UNE LANGUE EN BLOUSE DE TRAVAIL
Ses héros sont – comme à l’accoutumée – des prolos du Jura, magasiniers, artisans, travailleurs au noir ; ils bossent dans des supermarchés, sont intérimaires en usine, retapent leur maison eux-mêmes. C’est le même milieu populaire, généralement ignoré par la littérature, qu’explorent les romans de Nicolas Mathieu ; mais il est abordé ici sous un angle différent, plus familier, pour ainsi dire de l’intérieur.

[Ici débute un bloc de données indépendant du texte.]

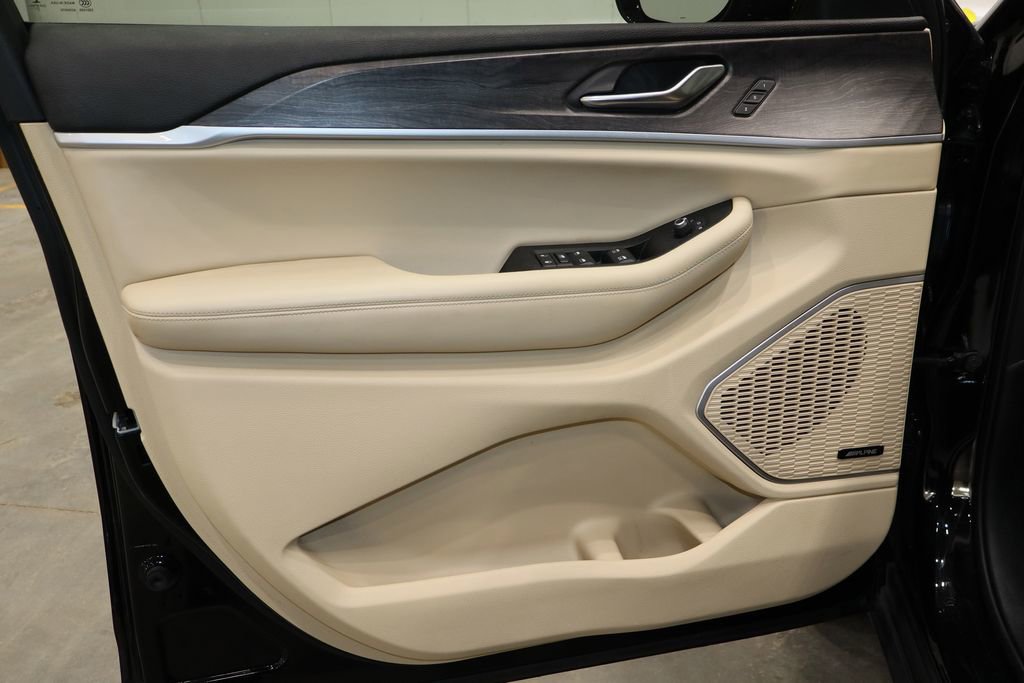 Used 2021 Jeep Grand Cherokee L Limited image 19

Bailly raconte son histoire dans un style brut, rude, précis ; une langue en blouse de travail et baskets, où les afféteries n’ont pas leur place. Le récit est à la première personne, comme pour Les Enfants des autres ; mais tandis que le « je » de ce roman visait à prendre le lecteur au piège de la psyché branlante du narrateur, pour une variation lynchienne sur le fantasme et la réalité, le « je » du Roman de Jim vise plutôt à cerner au plus près les sentiments de notre père d’adoption, hésitant d’abord face à Jim, puis amoureux fou, puis éperdu de détresse. Moins perché que L’Étoile du Hautacam, moins spectaculaire que Les Enfants des autres, ce Roman de Jim est un beau livre sensible où l’auteur fait montre pour ses personnages, attachants et humbles, d’une sorte de tendresse pudique, taciturne, comme s’il les avait toujours connus.